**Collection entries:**
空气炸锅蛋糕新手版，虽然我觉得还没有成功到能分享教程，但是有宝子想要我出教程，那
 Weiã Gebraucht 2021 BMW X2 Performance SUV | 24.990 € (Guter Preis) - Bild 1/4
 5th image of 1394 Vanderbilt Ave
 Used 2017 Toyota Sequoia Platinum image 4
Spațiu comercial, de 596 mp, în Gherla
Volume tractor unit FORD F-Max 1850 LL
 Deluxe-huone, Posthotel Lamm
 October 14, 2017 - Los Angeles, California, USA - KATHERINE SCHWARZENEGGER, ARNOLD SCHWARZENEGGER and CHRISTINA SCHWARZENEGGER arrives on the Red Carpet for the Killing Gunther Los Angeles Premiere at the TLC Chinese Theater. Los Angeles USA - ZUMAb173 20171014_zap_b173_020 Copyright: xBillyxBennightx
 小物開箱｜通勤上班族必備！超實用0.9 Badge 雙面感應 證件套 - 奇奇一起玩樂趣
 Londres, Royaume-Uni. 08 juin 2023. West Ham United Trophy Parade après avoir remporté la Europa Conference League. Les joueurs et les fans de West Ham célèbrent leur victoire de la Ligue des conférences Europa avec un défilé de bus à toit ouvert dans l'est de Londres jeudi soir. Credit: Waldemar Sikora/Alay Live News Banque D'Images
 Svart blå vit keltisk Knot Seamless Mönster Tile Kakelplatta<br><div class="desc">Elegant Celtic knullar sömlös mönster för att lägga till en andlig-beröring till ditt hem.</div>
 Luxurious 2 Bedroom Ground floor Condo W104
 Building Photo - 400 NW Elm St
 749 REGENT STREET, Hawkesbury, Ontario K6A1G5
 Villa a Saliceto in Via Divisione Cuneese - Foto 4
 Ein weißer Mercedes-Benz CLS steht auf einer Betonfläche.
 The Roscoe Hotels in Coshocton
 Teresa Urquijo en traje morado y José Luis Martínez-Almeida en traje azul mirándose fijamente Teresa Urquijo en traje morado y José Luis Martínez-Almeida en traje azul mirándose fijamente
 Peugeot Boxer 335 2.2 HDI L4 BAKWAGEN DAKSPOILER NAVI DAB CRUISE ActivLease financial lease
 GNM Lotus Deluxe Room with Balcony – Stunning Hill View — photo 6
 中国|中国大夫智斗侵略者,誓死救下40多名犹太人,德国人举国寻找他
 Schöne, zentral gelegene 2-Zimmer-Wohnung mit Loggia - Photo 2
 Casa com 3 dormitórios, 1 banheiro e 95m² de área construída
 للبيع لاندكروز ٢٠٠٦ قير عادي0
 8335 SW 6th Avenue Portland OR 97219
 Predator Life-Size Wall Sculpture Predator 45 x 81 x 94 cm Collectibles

**Your task:**
Where a line of the data above includes "Deluxe", copy that line.

**Your response:**
 Deluxe-huone, Posthotel Lamm
 GNM Lotus Deluxe Room with Balcony – Stunning Hill View — photo 6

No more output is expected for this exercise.